Entecavir resistance does occur in patients with resistance to lamivudine, and given the risks associated with viral breakthrough in decompensated patients, entecavir monotherapy may not be optimal in patients with previous lamivudine failure. Several case series have also shown the potential risk of lactic acidosis in entecavir-treated patients with severely impaired hepatic function.[92,197,202] Of note, the risk may not be specific to entecavir. All reported cases had Model for End-Stage Liver Disease scores of ≥ 21. Lactic acidosis was self-limiting or resolved after entecavir discontinuation in the majority of cases, although 1 fatality was reported.

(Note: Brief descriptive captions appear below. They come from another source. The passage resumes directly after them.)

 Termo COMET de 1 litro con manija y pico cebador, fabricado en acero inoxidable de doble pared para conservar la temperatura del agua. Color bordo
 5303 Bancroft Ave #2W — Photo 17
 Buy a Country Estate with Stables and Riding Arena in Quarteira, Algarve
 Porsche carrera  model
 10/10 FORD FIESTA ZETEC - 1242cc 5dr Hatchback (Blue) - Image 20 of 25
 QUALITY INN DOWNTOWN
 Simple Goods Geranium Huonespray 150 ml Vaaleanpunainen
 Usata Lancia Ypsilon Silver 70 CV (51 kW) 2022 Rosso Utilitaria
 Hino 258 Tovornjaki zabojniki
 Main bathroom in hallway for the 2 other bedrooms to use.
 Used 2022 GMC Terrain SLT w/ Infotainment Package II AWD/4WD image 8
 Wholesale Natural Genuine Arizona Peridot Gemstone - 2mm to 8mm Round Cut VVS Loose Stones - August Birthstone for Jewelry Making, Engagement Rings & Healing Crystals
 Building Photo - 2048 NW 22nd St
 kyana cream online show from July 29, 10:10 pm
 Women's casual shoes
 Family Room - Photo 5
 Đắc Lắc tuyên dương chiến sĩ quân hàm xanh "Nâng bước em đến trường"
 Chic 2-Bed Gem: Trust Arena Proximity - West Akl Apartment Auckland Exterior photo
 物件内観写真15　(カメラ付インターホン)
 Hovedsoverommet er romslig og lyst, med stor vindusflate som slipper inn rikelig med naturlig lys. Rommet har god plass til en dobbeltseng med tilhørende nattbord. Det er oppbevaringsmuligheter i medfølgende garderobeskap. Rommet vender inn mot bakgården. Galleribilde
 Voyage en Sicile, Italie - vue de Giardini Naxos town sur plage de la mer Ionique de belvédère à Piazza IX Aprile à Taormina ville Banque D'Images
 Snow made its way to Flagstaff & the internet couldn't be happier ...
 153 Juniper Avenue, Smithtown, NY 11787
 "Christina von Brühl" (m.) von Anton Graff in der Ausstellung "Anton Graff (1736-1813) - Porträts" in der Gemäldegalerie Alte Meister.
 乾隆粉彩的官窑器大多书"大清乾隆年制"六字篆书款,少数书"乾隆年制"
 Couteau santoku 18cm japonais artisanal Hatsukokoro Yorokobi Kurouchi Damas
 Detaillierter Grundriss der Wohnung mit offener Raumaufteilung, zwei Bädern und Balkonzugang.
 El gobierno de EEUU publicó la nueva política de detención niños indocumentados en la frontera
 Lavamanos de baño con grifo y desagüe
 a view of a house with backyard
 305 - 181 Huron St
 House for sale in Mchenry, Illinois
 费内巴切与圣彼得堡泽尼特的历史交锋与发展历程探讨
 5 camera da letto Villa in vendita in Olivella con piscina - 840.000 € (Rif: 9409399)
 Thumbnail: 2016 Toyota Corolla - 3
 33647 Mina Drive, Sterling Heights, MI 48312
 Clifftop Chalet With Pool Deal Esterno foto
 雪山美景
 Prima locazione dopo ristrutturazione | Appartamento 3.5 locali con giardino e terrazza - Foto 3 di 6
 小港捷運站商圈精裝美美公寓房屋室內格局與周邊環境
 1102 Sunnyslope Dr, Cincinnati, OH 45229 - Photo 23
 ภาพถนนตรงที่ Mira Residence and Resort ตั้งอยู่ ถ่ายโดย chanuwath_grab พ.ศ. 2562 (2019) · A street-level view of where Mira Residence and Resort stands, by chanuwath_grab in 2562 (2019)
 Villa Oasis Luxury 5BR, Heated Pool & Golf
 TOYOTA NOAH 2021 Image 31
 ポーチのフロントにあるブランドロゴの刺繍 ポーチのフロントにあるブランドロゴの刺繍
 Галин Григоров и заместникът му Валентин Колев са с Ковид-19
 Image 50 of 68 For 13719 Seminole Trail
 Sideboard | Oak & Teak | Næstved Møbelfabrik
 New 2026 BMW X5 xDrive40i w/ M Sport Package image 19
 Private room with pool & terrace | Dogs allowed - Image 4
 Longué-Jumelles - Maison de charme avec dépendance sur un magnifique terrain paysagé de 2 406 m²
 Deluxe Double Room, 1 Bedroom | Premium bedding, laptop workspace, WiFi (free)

Tenofovir DF, whether alone or in combination with emtricitabine, results in potent viral suppression in patients with decompensated liver disease, and has a similar safety profile to entecavir. After 48 weeks of treatment, HBV DNA was < 69 IU/mL in 70.5% of patients treated with tenofovir DF and in 87.8% of patients treated with emtricitabine/tenofovir DF. Long-term tenofovir DF therapy through 5 years was shown to reduce fibrosis and may even reverse cirrhosis in a subset of patients. Long-term tenofovir DF treatment of patients with cirrhosis is associated with excellent survival, although HCC risk remains considerable. However, the clinical benefits of combination therapy are currently unclear. It is also important to note that the risk of nephrotoxicity with tenofovir DF is unknown but may be a greater concern in patients with decompensated liver disease. HCC risk remains above that observed for patients with inactive disease despite antiviral suppression.[16,18] HCC occurrence during tenofovir DF therapy may be predicted using established prediction models for untreated patients such as the REACH-B calculator or, for white patients, using the PAGE-B predictor.